[PROBLEM DESCRIPTION]
Your output should be the entries below, from the first line up to and including the line with "Montblanc No. 32", reproduced exactly and with no other lines.

+---+

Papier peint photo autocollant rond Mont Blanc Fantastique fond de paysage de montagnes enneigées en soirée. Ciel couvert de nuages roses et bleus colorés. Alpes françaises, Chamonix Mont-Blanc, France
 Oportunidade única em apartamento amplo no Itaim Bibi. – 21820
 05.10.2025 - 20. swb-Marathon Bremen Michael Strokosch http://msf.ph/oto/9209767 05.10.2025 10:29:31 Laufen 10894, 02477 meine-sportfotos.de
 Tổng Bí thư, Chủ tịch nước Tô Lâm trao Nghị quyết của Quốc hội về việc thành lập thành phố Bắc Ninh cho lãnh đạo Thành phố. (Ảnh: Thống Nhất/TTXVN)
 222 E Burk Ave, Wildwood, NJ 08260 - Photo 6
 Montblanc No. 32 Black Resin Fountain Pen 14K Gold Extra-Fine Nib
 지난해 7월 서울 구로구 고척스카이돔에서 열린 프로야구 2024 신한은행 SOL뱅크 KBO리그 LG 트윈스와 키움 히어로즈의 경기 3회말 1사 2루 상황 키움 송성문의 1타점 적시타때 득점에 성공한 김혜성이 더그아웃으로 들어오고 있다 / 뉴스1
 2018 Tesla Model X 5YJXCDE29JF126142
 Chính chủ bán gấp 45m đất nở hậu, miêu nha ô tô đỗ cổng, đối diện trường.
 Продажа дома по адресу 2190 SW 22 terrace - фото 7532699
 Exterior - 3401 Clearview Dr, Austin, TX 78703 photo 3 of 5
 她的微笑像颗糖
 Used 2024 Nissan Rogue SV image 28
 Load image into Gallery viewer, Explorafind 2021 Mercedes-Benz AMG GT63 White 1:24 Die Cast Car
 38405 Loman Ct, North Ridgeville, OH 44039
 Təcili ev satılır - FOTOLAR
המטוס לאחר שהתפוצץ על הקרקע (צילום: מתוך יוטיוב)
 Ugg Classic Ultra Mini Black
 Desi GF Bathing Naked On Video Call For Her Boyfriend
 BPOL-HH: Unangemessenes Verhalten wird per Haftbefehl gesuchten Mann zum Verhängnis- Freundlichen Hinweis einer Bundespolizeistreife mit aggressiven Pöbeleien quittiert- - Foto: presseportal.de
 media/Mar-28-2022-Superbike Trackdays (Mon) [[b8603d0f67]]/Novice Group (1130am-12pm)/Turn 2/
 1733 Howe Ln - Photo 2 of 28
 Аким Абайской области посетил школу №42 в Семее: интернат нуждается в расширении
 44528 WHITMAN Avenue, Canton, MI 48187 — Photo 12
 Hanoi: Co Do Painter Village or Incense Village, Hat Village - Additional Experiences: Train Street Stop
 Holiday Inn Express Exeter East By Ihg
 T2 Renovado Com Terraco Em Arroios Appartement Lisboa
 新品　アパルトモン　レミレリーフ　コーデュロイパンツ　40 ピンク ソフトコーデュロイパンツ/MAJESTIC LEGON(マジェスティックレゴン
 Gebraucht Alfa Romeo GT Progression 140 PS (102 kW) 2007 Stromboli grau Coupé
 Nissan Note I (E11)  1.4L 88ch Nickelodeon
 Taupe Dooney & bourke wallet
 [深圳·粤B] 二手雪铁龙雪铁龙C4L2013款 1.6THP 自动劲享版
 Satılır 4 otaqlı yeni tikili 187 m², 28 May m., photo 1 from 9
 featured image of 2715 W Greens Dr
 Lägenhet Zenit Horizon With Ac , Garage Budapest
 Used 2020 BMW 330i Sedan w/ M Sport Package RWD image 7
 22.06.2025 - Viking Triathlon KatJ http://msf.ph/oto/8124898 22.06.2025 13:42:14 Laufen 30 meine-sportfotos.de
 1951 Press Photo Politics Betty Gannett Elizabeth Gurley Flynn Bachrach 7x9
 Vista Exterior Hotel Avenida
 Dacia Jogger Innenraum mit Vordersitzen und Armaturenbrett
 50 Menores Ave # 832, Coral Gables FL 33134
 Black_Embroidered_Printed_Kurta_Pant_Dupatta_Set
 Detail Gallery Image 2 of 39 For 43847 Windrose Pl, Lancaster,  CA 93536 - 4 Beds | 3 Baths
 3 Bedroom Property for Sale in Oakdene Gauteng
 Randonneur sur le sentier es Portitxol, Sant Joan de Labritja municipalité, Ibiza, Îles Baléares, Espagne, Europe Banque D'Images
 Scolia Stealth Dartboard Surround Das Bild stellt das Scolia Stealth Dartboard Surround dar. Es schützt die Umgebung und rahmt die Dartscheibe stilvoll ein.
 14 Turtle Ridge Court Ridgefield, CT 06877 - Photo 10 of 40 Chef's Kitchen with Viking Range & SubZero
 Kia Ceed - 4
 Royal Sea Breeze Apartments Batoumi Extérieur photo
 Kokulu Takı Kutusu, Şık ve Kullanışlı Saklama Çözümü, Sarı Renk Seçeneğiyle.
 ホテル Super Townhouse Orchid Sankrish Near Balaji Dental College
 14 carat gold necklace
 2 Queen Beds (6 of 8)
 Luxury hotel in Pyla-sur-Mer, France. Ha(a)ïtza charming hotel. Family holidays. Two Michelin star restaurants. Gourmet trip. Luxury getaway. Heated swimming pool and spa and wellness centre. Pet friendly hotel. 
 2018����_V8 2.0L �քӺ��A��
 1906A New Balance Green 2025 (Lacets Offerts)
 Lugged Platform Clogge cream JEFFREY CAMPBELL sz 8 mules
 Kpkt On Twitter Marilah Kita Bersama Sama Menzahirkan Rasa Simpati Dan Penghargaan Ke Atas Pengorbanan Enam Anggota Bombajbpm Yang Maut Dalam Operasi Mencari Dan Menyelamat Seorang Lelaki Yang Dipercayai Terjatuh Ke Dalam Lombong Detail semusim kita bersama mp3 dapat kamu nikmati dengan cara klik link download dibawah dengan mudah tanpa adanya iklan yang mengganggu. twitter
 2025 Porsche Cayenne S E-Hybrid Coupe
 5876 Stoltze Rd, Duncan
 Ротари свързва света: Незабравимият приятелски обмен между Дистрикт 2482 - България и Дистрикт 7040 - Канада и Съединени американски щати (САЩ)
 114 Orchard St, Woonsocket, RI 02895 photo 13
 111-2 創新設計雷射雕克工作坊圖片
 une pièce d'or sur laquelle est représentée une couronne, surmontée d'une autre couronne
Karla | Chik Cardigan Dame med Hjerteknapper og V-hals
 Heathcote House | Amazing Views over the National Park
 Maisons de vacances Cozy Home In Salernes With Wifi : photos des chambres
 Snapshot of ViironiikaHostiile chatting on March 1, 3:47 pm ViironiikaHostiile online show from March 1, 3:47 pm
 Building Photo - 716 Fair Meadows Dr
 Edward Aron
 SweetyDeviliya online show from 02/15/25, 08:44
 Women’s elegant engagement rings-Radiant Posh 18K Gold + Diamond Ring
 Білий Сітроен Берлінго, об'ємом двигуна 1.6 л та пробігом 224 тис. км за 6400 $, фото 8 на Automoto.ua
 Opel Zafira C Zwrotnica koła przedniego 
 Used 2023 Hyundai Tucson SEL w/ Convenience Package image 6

+---+

[EXPECTED OUTPUT]
Papier peint photo autocollant rond Mont Blanc Fantastique fond de paysage de montagnes enneigées en soirée. Ciel couvert de nuages roses et bleus colorés. Alpes françaises, Chamonix Mont-Blanc, France
 Oportunidade única em apartamento amplo no Itaim Bibi. – 21820
 05.10.2025 - 20. swb-Marathon Bremen Michael Strokosch http://msf.ph/oto/9209767 05.10.2025 10:29:31 Laufen 10894, 02477 meine-sportfotos.de
 Tổng Bí thư, Chủ tịch nước Tô Lâm trao Nghị quyết của Quốc hội về việc thành lập thành phố Bắc Ninh cho lãnh đạo Thành phố. (Ảnh: Thống Nhất/TTXVN)
 222 E Burk Ave, Wildwood, NJ 08260 - Photo 6
 Montblanc No. 32 Black Resin Fountain Pen 14K Gold Extra-Fine Nib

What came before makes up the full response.